Mlliyet Milliyet Blog Milliyet Blog
 
Facebook Connect
Blog Kategorileri
 

16 Kasım '10

 
Kategori
Deneme
 

Eleştirme: Nil Alaz şiiri: "Cehennemi Fırfıri"

Eleştirme: Nil Alaz şiiri: "Cehennemi Fırfıri"
 

  

1.Bölük:

“Dinle neyden ki hikâye etmede, Hep ayrılıktan şikayet etmede “ Şair yakınan bir varlık mıdır? Yakınarak, kirtinerek, feraha, huzura mı çıkar.. ? Bunu, Alaz şiirinde zaman zaman görüyoruz.Hangi şiirinden mi sözediyorum :

“Herkesin geçmişinde kara bir delik vardır
Yüzleşemediği korkular
Arkasından bakakaldığı sevdalar
Yazılamamış. Her biri ağıt
Gün kurusu
Kırmızı

Umarımız yoktur.”

Şiir biraz da insanın geçmişine yazıklanması yada ağlaması mıdır? Herhalde biraz da öyle. Alaz, burada biraz düzyazı havasında başlıyor (Bunu sık sık yapıyor) . Mutlak bir ayak bulma sevdalısı değil, herhalde hiç değil. O, aslında sözcüklere bağlı, onları seviyor,onlardan hareket ediyor. Sizi kötümser bir hava içinde, Umarsız bir dünyanın içine atıyor.

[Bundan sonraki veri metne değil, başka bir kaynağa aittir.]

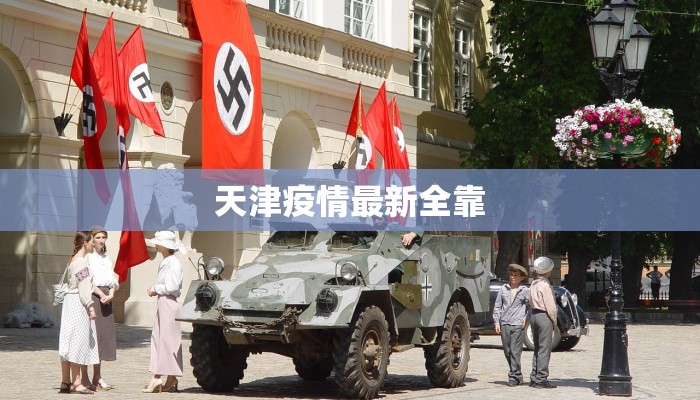 天津疫情最新全靠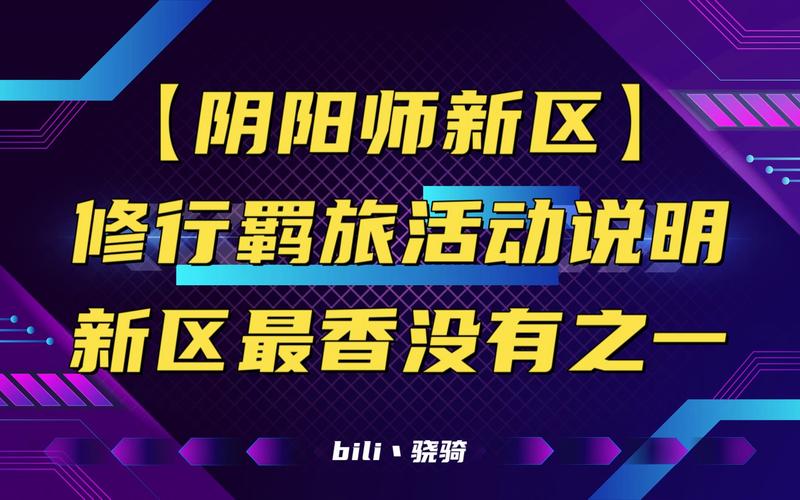 阴阳师修行羁旅活动是否仅限新区?全面解析与趣味玩法揭秘
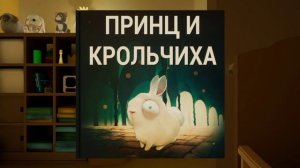 Малыш - Демон ›› The Baby In Yellow #1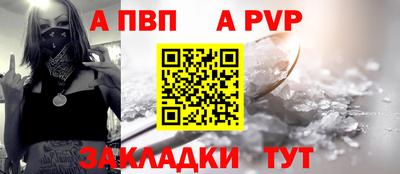 бутират Пушкино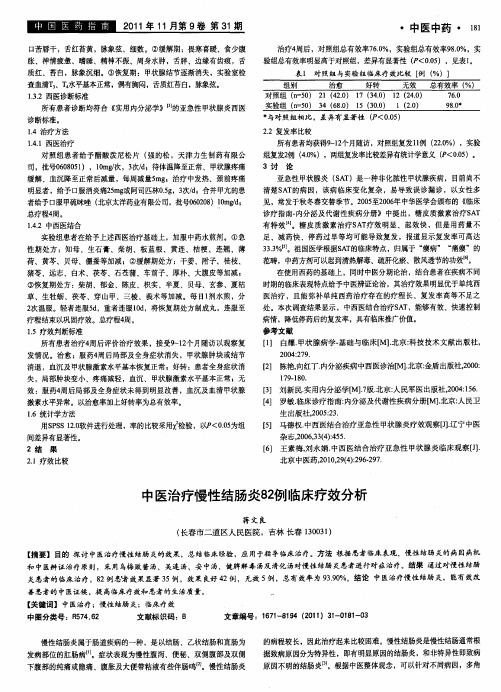 中医治疗慢性结肠炎82例临床疗效分析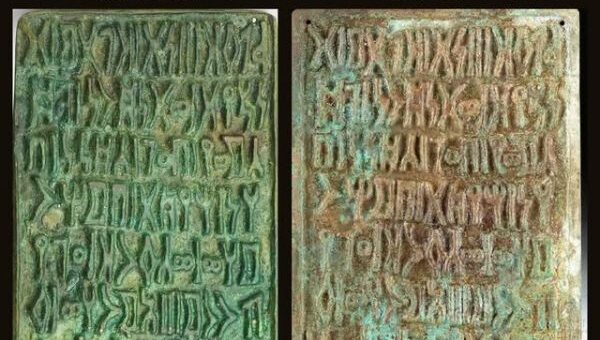 خبير آثار يكشف عن ثلاث نسخ مفقودة ومزيفة من لوح برونزي يمني نادر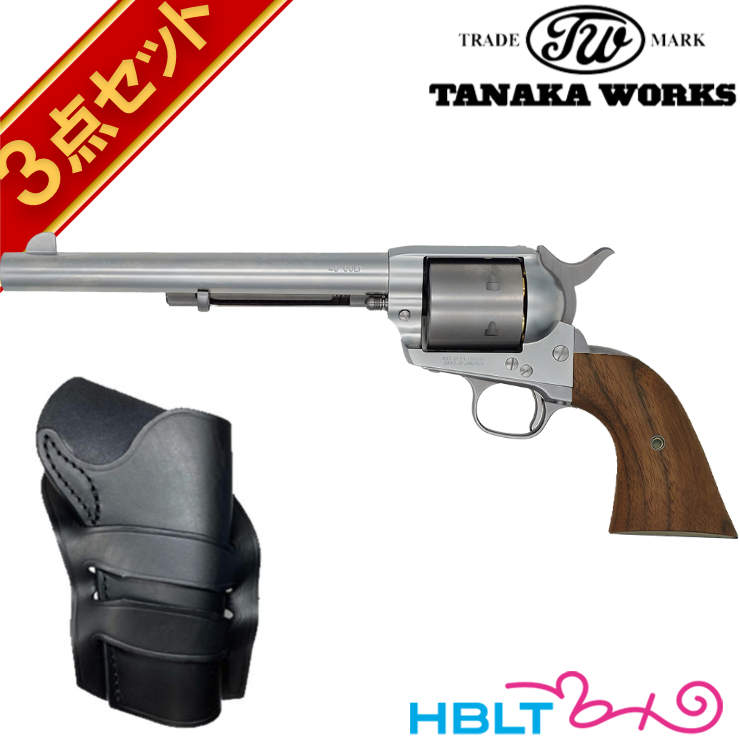 タナカワークス Colt SAA 2nd ノンフルートシリンダー ペガサス2 ABS ステンレスフィニッシュ キャバルリー ガスリボルバー 木グリ ホルスターセット｜HBLT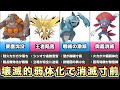 【ダイパリメイク】弱体化された対戦界のエリートポケモン5選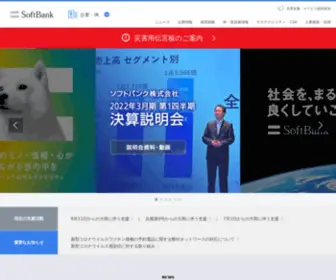 Softbankbb.co.jp(ソフトバンクBB株式会社の企業情報（ニュース、会社案内、CSR活動など）) Screenshot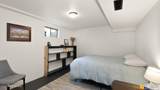 1140 Forest Park Ln - Photo 26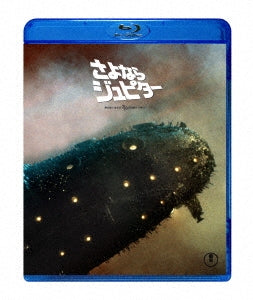 Japanese Movie - Sayonara Jupiter - Japan Blu-ray Disc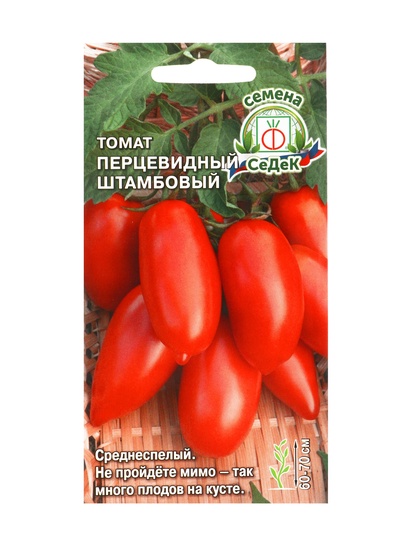 Семена томат «Перцевидный штамбовый», 0.1 г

Burada ,bu bölümde umut var mı? Evet, renklere bakın.(Çok ilginç renkler bulur,kullanır..) Burada “Gül kurusu..” temiz güzel, değişik bir renk..Bence umudu gösteriyor..Kırmızı ise dipdiri bir dinamizmi..

2.Bölük :

Şiirin ikinci bölümü daha ilginç..Şiir giderek ilginçleşiyor. Durmadan uzak çağrışımlar. Kavramlar, ve yeni sözcük bombardımanı başlıyor. (Alaz’ı okurken yanınızda bir sözlük bulundurmanız gerekiyor….)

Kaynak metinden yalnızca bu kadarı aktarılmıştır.